Adopting a recently developed theoretical framework of finite-amplitude wave activity (FAWA), we found a marked periodicity in the vertically integrated FAWA around 20-30 days in the reanalysis products and in a hierarchy of climate models. With the assumption that the interaction between eddies and the mean flow plays an important role in this periodic behavior, we develop a new theoretical framework of the eddy - mean flow interaction. It consists of three coupled equations for the interior and surface finite- amplitude wave activity (FAWA) and the barotropic zonal-mean zonal flow. The theory provides an accurate latitude-by-latitude description of atmospheric angular momentum - wave activity budget that captures the storm track dynamics.
In the mid-latitude austral summer, the wave activity budget reveals a largely adiabatic, antiphase covariation of FAWA and the mean flow. A marked periodicity is found for FAWA, but not for the mean flow. The former is primarily driven by the low-level meridional eddy heat flux, which also exhibits a sharp spectral peak around 25 days, whereas the latter is primarily driven by the meridional eddy momentum flux. The observed eddy heat flux cospectra in summer contain a few dominant frequencies for each of the energy-containing zonal wavenumbers (4-6). As these modes travel at different phase speeds they interfere with each other and produce an amplitude modulation to the eddy heat flux with a periodicity consistent with the BAM. The meridionally confined baroclinic zone in the mean state of the austral summer provides a waveguide that directs the mode propagation and interference along the latitude circle.
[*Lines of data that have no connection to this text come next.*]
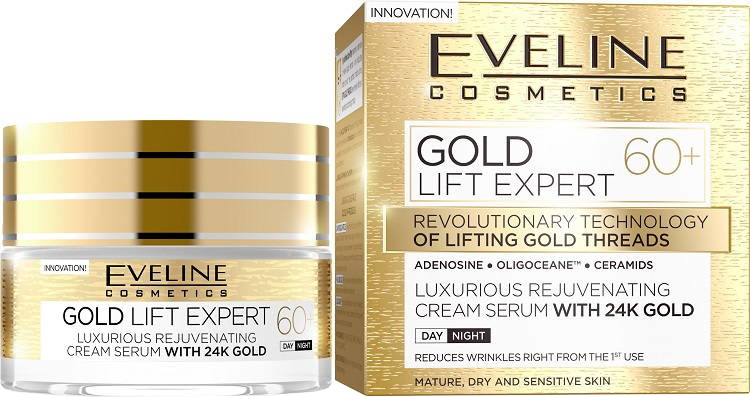 Eveline Gold Lift Expert Day & Night cream 60+ 50ml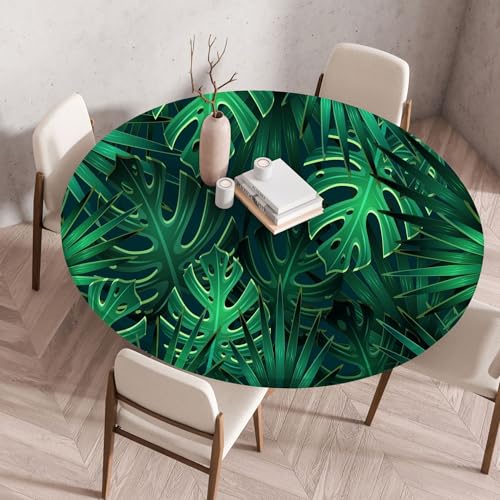 Tischdecke Rund 70 cm Dunkelgrüne Blätter Gartentischdecke Rund Elastisch Polyester Waschbar Outdoor-Tischdecken Gartentischdecke Wetterfest Restaurant Runde Tischdecke Tischdecke Rund 70 cm Dunkelgrüne Blätter Gartentischdecke Rund Elastisch Polyester Waschbar Outdoor-Tischdecken Gartentischdecke Wetterfest Restaurant Runde Tischdecke von ZZDXW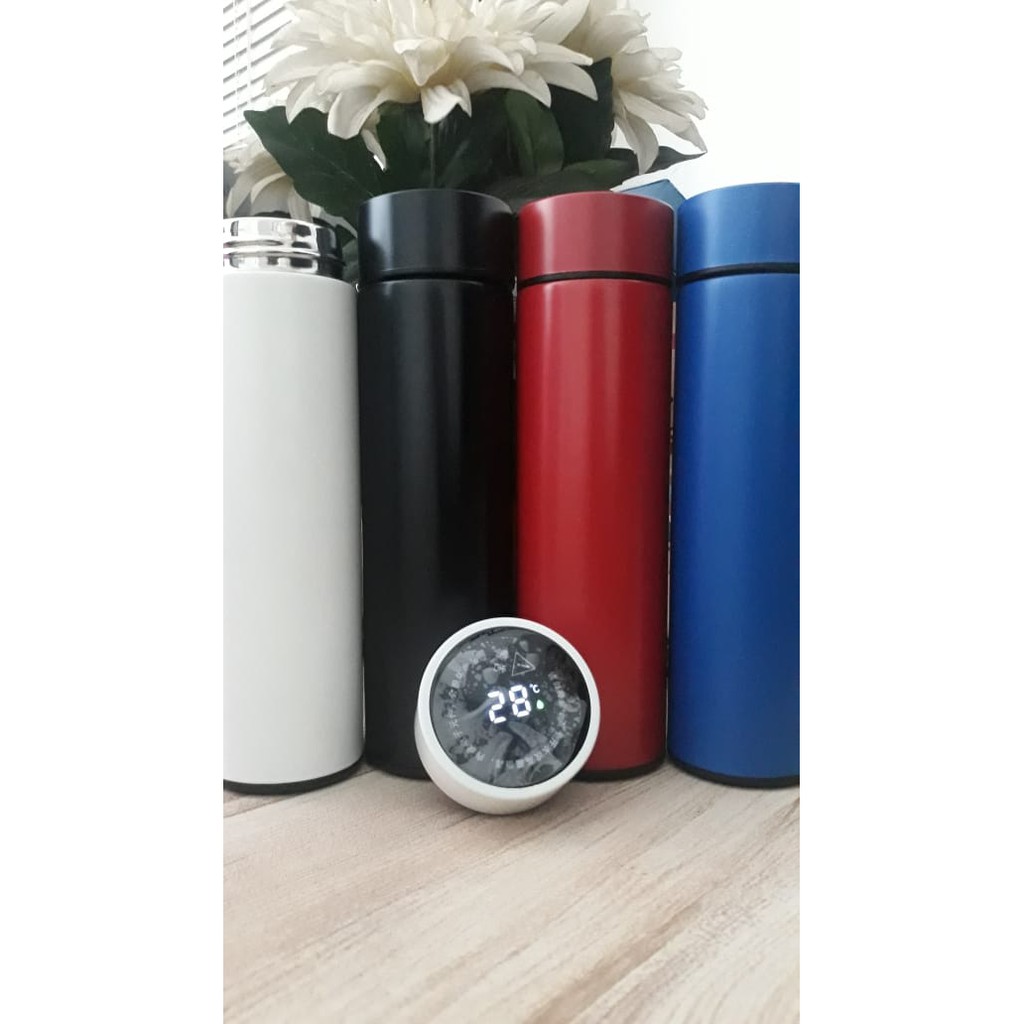Tumbler Suhu LED Polos 500 ml - Tumbler Botol Doff / Glossy
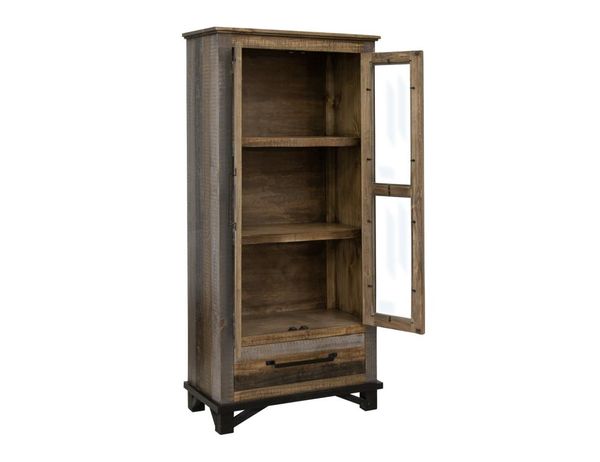 Loft Brown 1 Drawer, 2 Doors Cabinet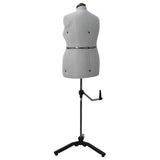 Adjustable Dress Form Female Height Adjustable Grey L Velvet 42018610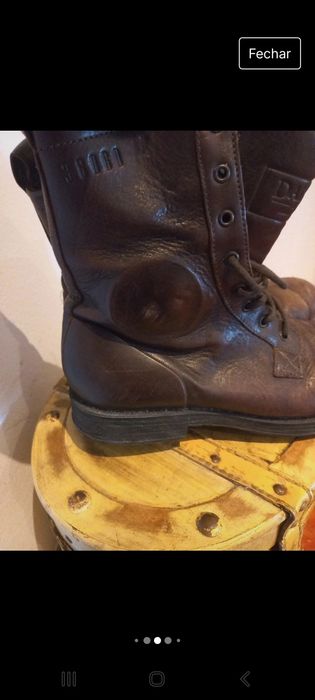 Botas Motard Dainese em pele N°42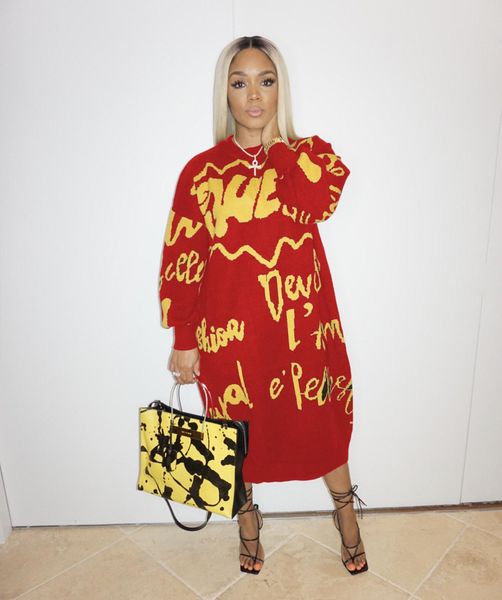 internet print midi skirt, round neck, long sleeve, autumn and winter, 2021 9guw, Black;gray
internet print midi skirt, round neck, long sleeve, autumn and winter, 2021 9guw, Black;gray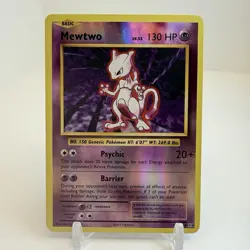 2016 Pokemon TCG XY Evolutions Mewtwo 51/108 Reverse Holo NM/LP - Image 2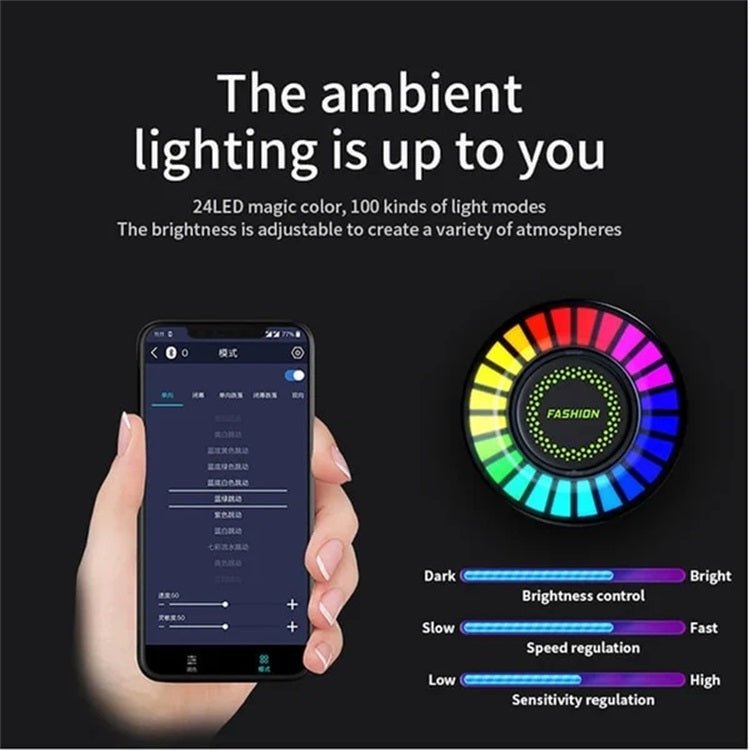 BUY 3 GET Car Aromatherapy Sound Pickup Lamp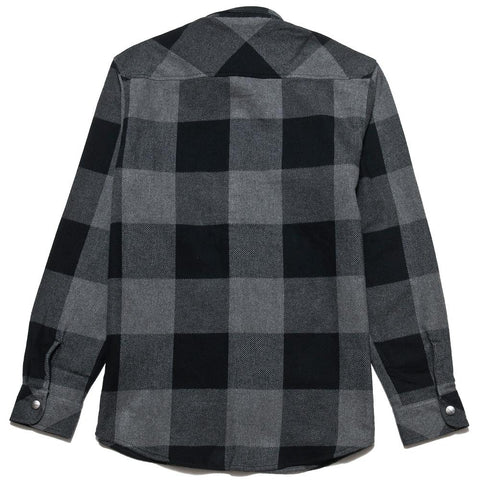 Carhartt W.I.P. L/S Graham Shirt Dark Grey at shoplostfound, front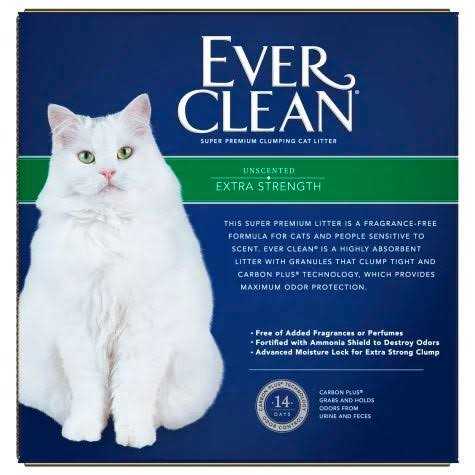 Extra Strength Clumping Unscented Cat Litter C6316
We demonstrates that the essence of the periodicity is reproduced in a hierarchy of numerical models including Community Earth System Model, an idealized dry GCM, and a two-layer quasigeostrophic model. A dry GCM reproduces qualitatively BAM-like eddy heat flux spectra if the zonal-mean state resembles that of the austral summer and if the surface thermal damping is sufficiently strong. As a baseline model, the two-layer quasigeostrophic model captures the gist of oscillation when baroclinicity is weak and the bottom layer is chosen sufficiently thinner than the top layer, which is physically equivalent to a strong low-level thermal damping. This is consistent with the observed strong thermal damping in the Southern Hemisphere storm track. Based on insights from the two-layer quasigeostrophic model, we show that several key parameters control the robustness of the periodicity in observations, and further we discuss how the robustness changes in a warming climate.